Balbo: Jede Droge ist gefährlicher, wenn sie illegal ist. Während der Prohibition sind die Menschen wegen des methanolgepanschten Alkohols gestorben. Oder landeten im Gefängnis, weil sie ein Bier tranken.
Grünfelder: Wenn Cannabis legal ist, kann es erforscht werden. Ich kann neue Produkte entwickeln, es kann sich eine Kultur darum entwickeln. Man kann Cannabis trinken, rauchen, essen. Es gibt ja auch beim Alkohol viele verschieden Arten, wenn ich allein an die Vielfalt der Weine denke. In Colorado, wo Cannabis seit einigen Jahren legal ist, sind Kriminalität und Gewalt zurückgegangen und die Steuereinnahmen gestiegen. Der Cannabiskonsum hingegen ist gleich geblieben. Die Prohibitionisten führen immer das Argument des Jugendschutzes ins Felde, aber Colorado zeigt, wie es geht. Legalisierung heißt nicht Aufhebung des Jugendschutzes, es bedeutet vielmehr, dass wir etwas selbst in die Hand nehmen und nicht kriminellen Organisationen überlassen. Und zweitens gibt es in Ländern, in denen Cannabis legal ist, nicht mehr Drogenabhängige.
Balbo: In den Niederlanden ist Cannabis seit 1971 geduldet und die Zahl der Toten durch harte Drogen ist eine der niedrigsten in Europa.
Wann könnte so etwas bei uns möglich sein?

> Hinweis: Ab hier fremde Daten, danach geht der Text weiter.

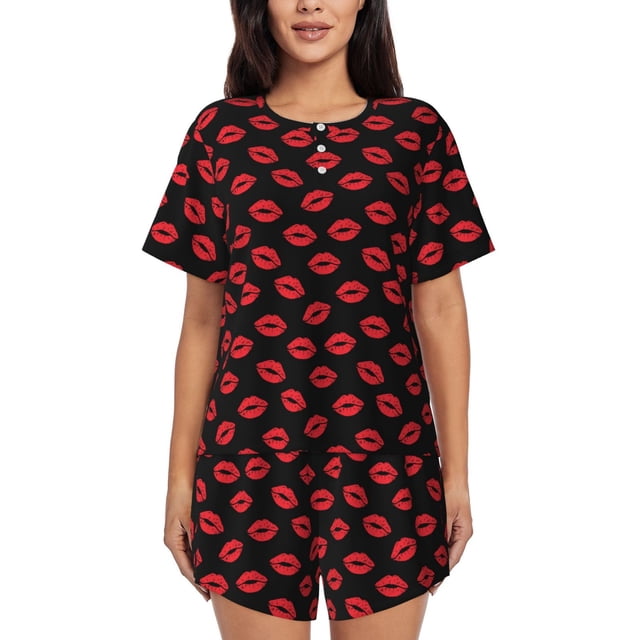 Fotbe Sexy Red Lips Kiss Conjunto de Pijama Estampado para Mujer, 2 Piezas, Ropa de Dormir con Camiseta de Manga Corta y Shorts Suaves-3X-Large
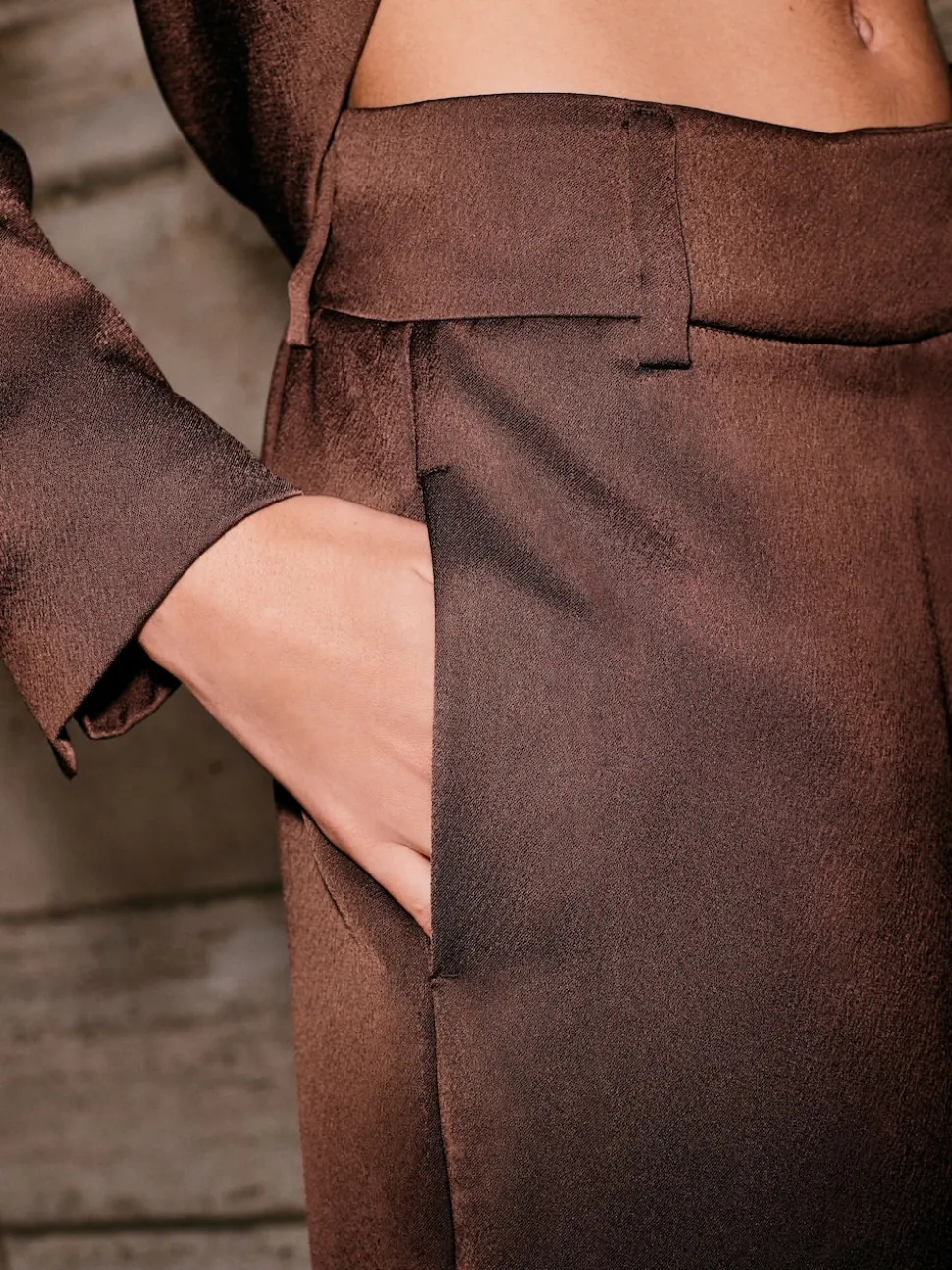 Chocolate Brown Satin Elastic Back Wide Leg Trousers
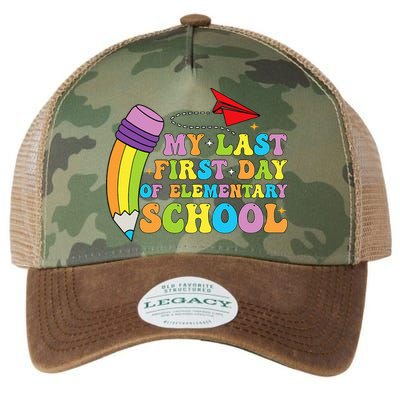 My Last First Day Of Elementary School Back To School Legacy Tie Dye Trucker Hat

Grünfelder: Sofort! (lacht) Realistisch wäre es in den nächsten Jahren. Es gibt immer mehr Menschen, die dafür kämpfen und auch durchwegs Erfolge erzielen. Sehen wir uns nur Italien an: Medizinisches Cannabis ist bereits legal.
Herr Balbo, wenn Sie mit Cannabis angehalten werden, gehen Sie da ein Risiko ein? Oder wenn Sie Auto fahren?
Balbo: Ich nehme Sativex in geringen Dosen. Morphin oder Psychopharmaka sind viel schlimmer. Wenn ich mich an die Autobahn stelle und alle Autos mit holländischem Kennzeichen kontrolliere, wird die Hälfte der Fahrer positiv auf Cannabis getestet werden. Andreas Lubitz, der Pilot, der sein Flugzeug absichtlich abstürzen ließ, hat nicht geraucht und nicht getrunken, denn er wird als Pilot streng kontrolliert. Aber er nahm seit zehn Jahren Psychopharmaka, wie es täglich elfeinhalb Millionen Menschen allein in Italien tun. Wie kann man mit Psychopharmaka so bedenkenlos umgehen und Cannabis dämonisieren?
Prohibitionisten sagen, Cannabis sei eine Einstiegsdroge.
Balbo: Ja, jemand der Kokain schnupft, wird vermutlich zuvor Gras geraucht haben. Aber davor hat er Zigaretten geraucht, ein Bier getrunken. Jeder hat als Kind Nutella gegessen. Wenn er danach jemanden überfällt, wird man nicht der Nutella die Schuld geben.
Wer bekommt Cannabis verschrieben?
Balbo: Die meisten Patienten sind 60 oder älter. Informierte, aufgeklärte Senioren. Es sind nicht die jungen, die medizinisches Cannabis bekommen.
Grünfelder: Eine uns bekannte Frau ist über 80 und nimmt Cannabis. Sie leidet an einer Krankheit wie Demenz oder Alzheimer und die Familie pflegt sie. Die Frau war störrisch, sie aß nicht. Ließ sich nicht waschen, war unfreundlich. Richtig schlimm. Der Enkel, der auf sie aufpasste, war genervt und hat einen Joint geraucht. Die Oma hat gar nicht darauf geachtet. Aber da sie selbst mal geraucht hat, nahm sie den Joint aus dem Aschenbecher und zog daran. Danach aß sie, schlief gut, war gut drauf. Der junge Mann probierte es nochmal, erzählte es seiner Familie, die ging dann geschlossen zur Ärztin und ließen sich Cannabis verschreiben. Nun haben sie eine glückliche Oma.
Balbo: Manche fürchten den Rausch. Aber wichtig ist nur, Cannabis auf vollen Magen zu nehmen, nachdem man genug getrunken hat – aber nichts Alkoholisches. Wenn du das alles einhältst und nicht übertreibst, wird dir nie etwas fehlen. So wie mir in elf Jahren nichts fehlte.